ESPE2015 Poster Category 3 Growth (51 abstracts)
aINSERM U1153, Equipe de recherche sur les Origines précoces de la santé et du développement de lenfant (ORCHAD), Centre de Recherche Epidémiologie et Biostatistique Sorbonne Paris Cité (CRESS), Univ, Paris, France; bINSERM U1153, Equipe de recherche en Epidémiologie Obstétricale, Périnatale et Pédiatrique (EPOPé), Centre de Recherche Epidémiologie et Biostatistique Sorbonne Paris Cité (CRESS), Université Paris De, Paris, France; cDepartment of General Pediatrics, Necker Childrens Hospital, AP-HP, Paris, France; dUnité dEndocrinologie Pédiatrique, Fondation Ophtalmologique Adolphe de Rothschild, Université Paris Descartes, Paris, France; eAssociation Française de Pédiatrie Ambulatoire, Gradignan, France
Background: Since the publication of international growth charts by the World Health Organization (WHO) in 2006, the use of national growth charts for growth monitoring (GM) has been questioned.
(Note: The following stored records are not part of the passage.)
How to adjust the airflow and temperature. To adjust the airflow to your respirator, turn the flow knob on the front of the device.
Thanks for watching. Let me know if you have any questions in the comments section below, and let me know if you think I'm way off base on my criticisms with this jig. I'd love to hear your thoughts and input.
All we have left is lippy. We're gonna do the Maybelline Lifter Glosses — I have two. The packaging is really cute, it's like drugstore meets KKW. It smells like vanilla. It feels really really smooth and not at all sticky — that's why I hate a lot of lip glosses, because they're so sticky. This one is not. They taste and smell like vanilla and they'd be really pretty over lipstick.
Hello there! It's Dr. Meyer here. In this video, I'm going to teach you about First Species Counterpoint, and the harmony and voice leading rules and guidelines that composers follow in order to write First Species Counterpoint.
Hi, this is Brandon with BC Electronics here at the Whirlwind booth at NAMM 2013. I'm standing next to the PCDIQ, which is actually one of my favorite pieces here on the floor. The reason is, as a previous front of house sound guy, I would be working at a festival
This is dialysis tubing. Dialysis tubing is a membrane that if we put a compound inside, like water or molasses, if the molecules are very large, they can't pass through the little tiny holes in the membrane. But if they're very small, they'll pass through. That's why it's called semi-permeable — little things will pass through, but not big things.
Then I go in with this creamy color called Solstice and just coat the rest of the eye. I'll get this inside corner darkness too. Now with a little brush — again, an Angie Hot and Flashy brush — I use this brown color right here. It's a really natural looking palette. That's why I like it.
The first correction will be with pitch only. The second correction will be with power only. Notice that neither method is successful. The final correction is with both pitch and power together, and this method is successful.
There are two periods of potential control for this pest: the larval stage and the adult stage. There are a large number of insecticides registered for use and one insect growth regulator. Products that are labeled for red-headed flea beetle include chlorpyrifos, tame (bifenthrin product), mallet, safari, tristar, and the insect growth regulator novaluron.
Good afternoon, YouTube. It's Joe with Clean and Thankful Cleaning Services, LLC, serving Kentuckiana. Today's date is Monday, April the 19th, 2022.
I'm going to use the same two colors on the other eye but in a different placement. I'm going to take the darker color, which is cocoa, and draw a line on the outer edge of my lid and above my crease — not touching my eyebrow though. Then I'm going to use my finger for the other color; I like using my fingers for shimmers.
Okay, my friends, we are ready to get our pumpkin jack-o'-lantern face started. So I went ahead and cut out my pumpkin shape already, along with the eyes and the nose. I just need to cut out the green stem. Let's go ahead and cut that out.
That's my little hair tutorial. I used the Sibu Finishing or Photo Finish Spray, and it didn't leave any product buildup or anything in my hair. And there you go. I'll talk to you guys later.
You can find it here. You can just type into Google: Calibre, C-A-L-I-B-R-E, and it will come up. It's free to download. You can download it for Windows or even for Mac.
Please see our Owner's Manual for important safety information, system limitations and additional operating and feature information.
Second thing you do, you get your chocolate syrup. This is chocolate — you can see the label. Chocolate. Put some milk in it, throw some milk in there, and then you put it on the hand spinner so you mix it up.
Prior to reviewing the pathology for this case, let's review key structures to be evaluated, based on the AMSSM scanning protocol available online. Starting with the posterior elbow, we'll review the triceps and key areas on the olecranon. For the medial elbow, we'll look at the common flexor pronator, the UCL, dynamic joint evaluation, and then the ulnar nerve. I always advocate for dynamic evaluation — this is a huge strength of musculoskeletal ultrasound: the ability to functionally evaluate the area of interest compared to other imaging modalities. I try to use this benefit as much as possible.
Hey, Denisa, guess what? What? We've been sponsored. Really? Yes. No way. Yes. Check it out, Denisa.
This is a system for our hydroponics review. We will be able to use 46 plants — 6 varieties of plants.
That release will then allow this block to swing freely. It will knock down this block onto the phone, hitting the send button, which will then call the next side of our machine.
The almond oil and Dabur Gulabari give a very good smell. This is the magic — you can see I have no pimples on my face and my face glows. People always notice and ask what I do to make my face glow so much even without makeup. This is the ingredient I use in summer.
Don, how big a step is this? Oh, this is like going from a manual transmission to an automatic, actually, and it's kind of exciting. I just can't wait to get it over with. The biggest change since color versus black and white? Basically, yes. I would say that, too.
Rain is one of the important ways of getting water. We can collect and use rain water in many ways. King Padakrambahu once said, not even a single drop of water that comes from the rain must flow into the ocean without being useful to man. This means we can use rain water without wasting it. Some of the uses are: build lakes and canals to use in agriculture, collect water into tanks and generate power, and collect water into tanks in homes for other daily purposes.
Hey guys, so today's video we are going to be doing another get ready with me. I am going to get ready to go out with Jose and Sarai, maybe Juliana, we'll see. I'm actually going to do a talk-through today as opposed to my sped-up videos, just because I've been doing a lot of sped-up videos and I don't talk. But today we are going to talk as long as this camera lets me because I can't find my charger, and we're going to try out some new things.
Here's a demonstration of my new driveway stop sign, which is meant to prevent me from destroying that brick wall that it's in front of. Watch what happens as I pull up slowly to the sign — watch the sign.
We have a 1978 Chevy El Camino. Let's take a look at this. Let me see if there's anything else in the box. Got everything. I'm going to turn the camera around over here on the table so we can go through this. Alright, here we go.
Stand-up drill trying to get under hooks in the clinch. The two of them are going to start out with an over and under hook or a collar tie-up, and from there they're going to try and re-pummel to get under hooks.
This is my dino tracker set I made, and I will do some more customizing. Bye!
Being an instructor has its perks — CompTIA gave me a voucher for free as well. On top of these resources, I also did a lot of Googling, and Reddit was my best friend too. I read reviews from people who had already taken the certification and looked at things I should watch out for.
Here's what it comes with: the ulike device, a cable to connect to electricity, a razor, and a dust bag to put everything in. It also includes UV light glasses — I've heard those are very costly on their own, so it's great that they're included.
Objective and hypotheses: To evaluate the potential impact of using WHO vs. national growth charts on the performance of a clinical decision rule for detecting children with one of the target conditions of GM: GH deficiency (GHD).
Method: In a case-referent study, we applied the Grote clinical decision rule on growth data of 33 children with GHD related to pituitary-stalk interruption syndrome (cases), and 2 200 apparently healthy children followed longitudinally from birth (referents). The Grote clinical decision rule is mainly based on the following auxological criteria combined in various ways: standardised height, distance to standardised target height, absolute height deflection, and small for gestational age with no catch up after 3 years (Grote 2008). The sensitivities, specificities and theoretical improvement in time to diagnosis of the rule using French or WHO growth charts were calculated and compared using McNemar or Wilcoxon tests for matched pairs/series.
Results: The application of the Grote clinical decision rule would have led to a higher sensitivity (78.8% vs 66.7%, P=0.04), and a lower specificity (98.3% vs 99.2%, P<0.01) with the WHO vs. French growth charts, respectively, with no statically significant theoretical improvement in time to diagnosis (9 months vs 4, P=0.12).
Conclusion: The use of WHO growth charts to apply the Grote clinical decision rule for the early detection of GHD would have notable impacts on false-positive rate. Indeed, among the 2012 French birth cohort (n=822 000), 14 220 vs 6 500 would have been inadequately referred using WHO vs. French growth charts respectively.